Activity:
Of the lines in the material below, print only those from the one containing "آپارتمان ۵۹ متری با ۳۶ متر تراس" to the one containing "Freeway Insurance Reviews, Rate, Services, Address", ends included, exactly as written and without pictures.

Given information:
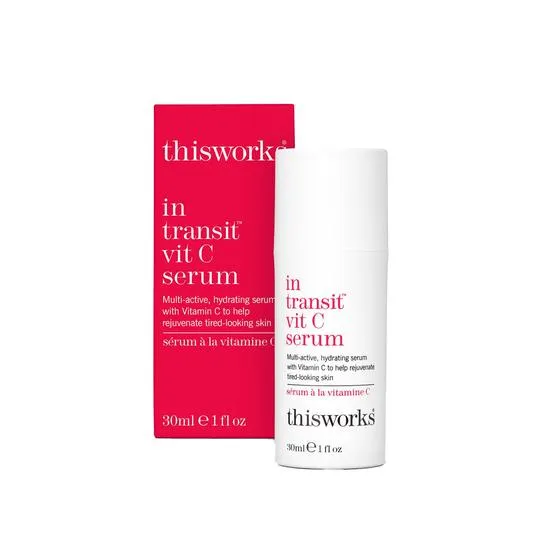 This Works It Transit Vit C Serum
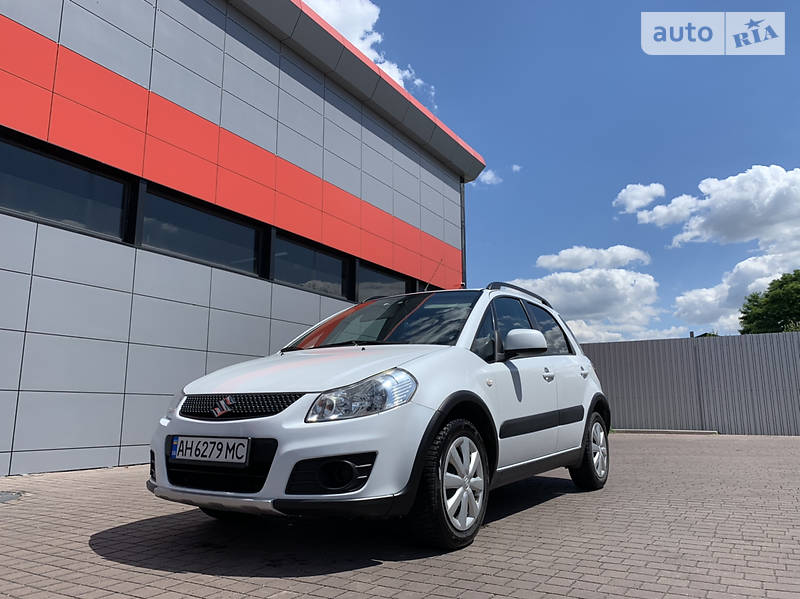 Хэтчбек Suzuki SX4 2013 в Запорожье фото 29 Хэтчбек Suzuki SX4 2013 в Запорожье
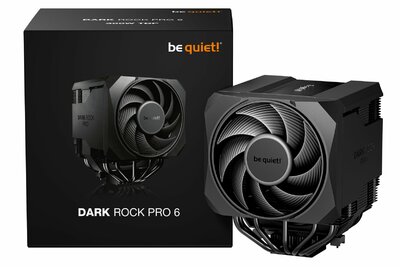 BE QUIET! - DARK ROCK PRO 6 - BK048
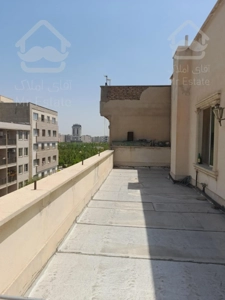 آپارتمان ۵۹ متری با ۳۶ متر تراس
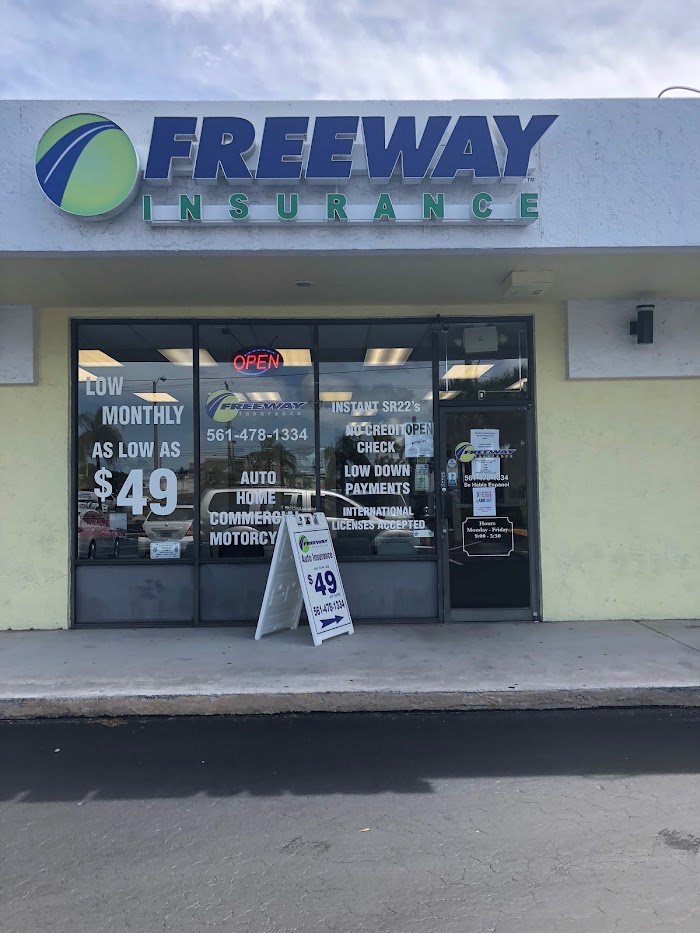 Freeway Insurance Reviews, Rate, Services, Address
...
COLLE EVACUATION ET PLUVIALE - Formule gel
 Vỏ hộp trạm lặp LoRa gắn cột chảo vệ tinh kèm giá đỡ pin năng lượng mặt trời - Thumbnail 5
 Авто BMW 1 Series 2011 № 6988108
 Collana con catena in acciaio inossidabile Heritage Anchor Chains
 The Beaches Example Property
---
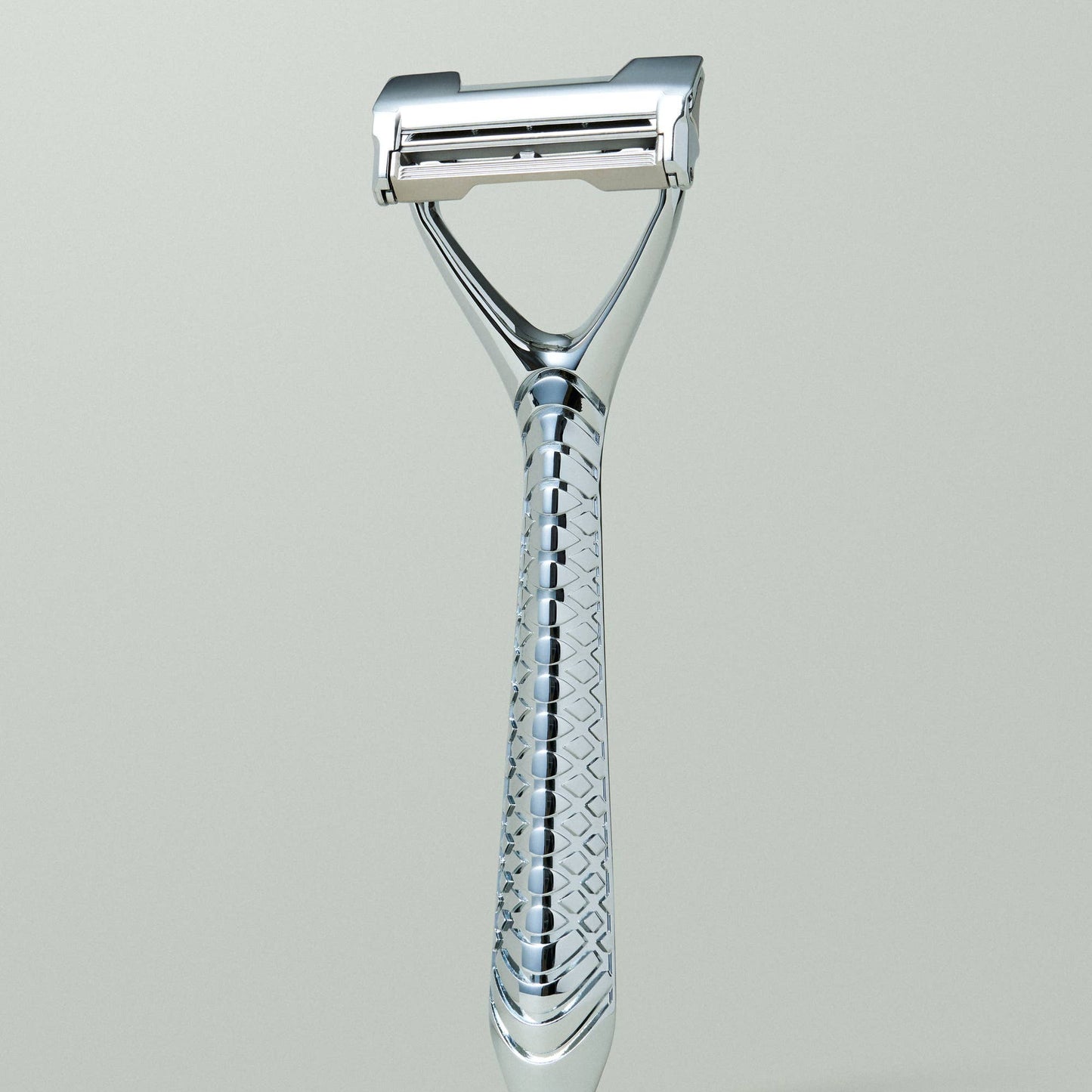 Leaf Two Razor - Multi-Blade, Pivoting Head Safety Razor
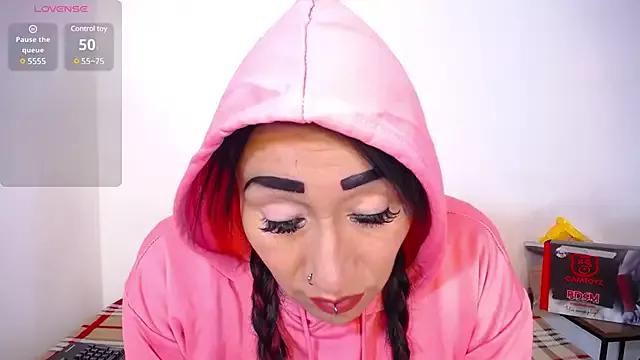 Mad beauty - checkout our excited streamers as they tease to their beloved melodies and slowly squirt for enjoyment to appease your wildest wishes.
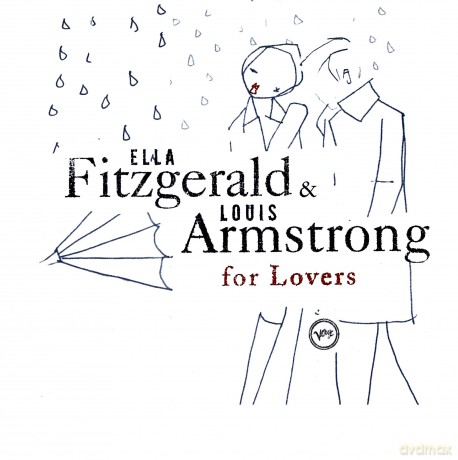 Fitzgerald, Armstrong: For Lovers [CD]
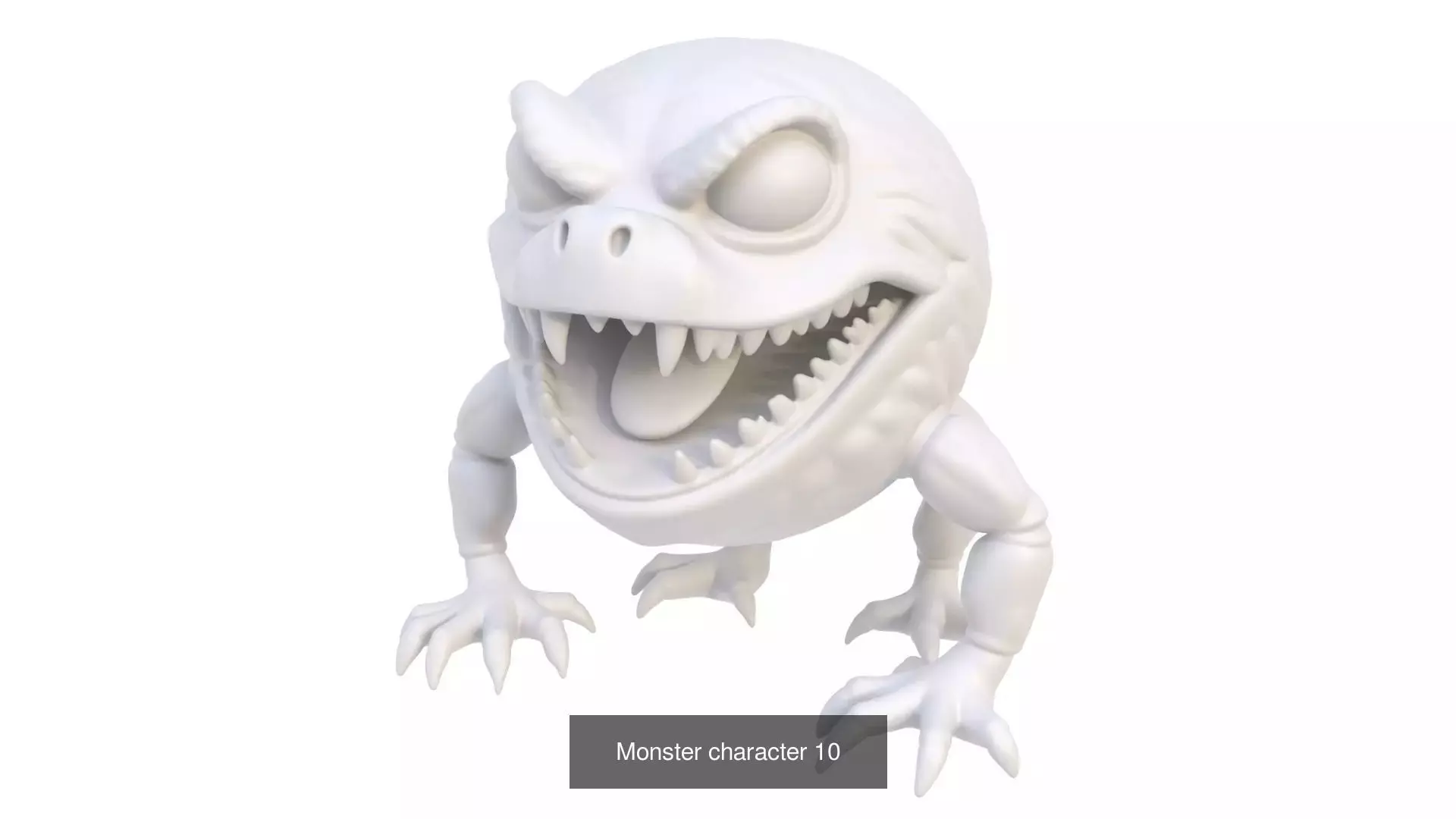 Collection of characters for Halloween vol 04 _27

Problem solution:
 آپارتمان ۵۹ متری با ۳۶ متر تراس
 Freeway Insurance Reviews, Rate, Services, Address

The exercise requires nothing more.